• [Material for this exercise]
-=-=-=-=-

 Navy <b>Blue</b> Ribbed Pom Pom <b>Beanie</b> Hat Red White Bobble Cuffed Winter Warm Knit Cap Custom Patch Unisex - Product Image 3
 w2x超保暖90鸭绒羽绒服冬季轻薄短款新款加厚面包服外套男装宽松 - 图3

-=-=-=-=-

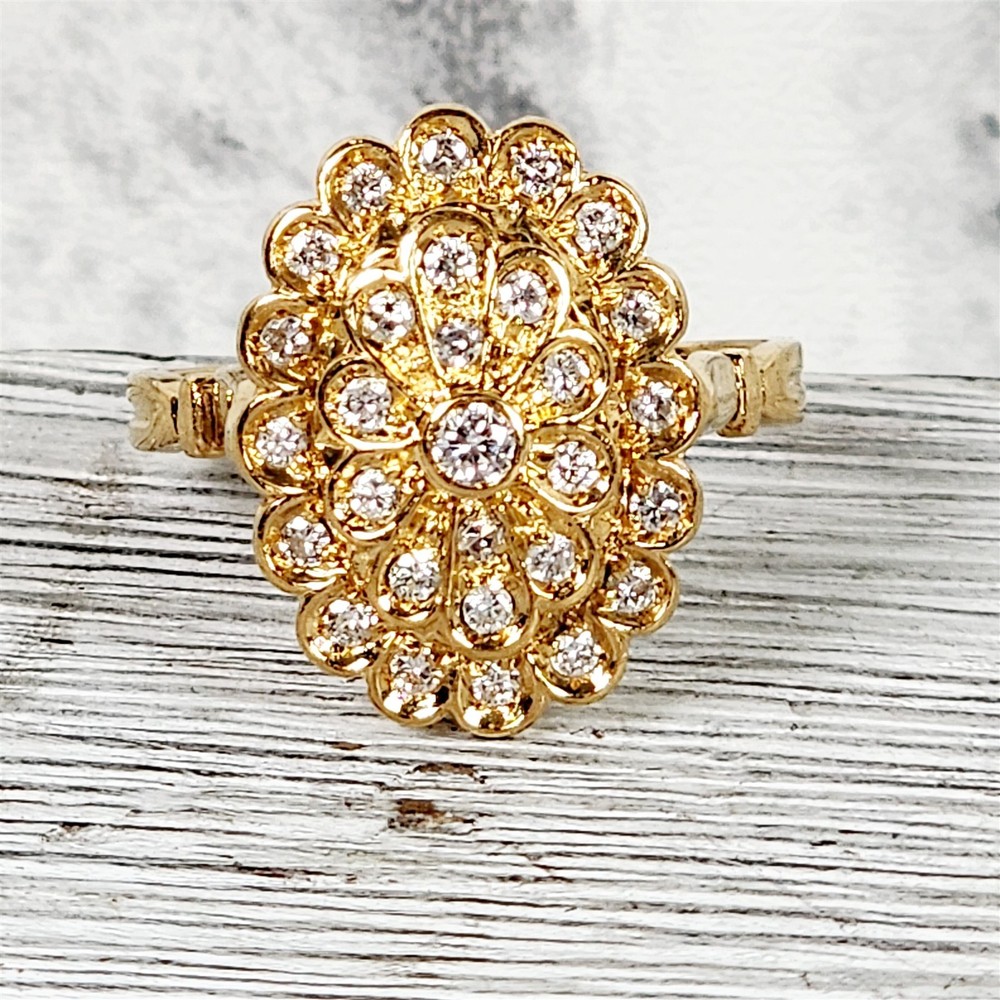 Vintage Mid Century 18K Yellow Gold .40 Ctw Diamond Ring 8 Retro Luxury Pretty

-=-=-=-=-

• [About this task]
From the records above, retype only the lines starting at the line that contains "Navy <b>Blue</b> Ribbed" and ending at the line that contains "w2x超保暖90鸭绒羽绒服冬季轻薄短款新款加厚面包服外套男装宽松 - 图3", both included.

• [Response to this exercise]
 Navy <b>Blue</b> Ribbed Pom Pom <b>Beanie</b> Hat Red White Bobble Cuffed Winter Warm Knit Cap Custom Patch Unisex - Product Image 3
 w2x超保暖90鸭绒羽绒服冬季轻薄短款新款加厚面包服外套男装宽松 - 图3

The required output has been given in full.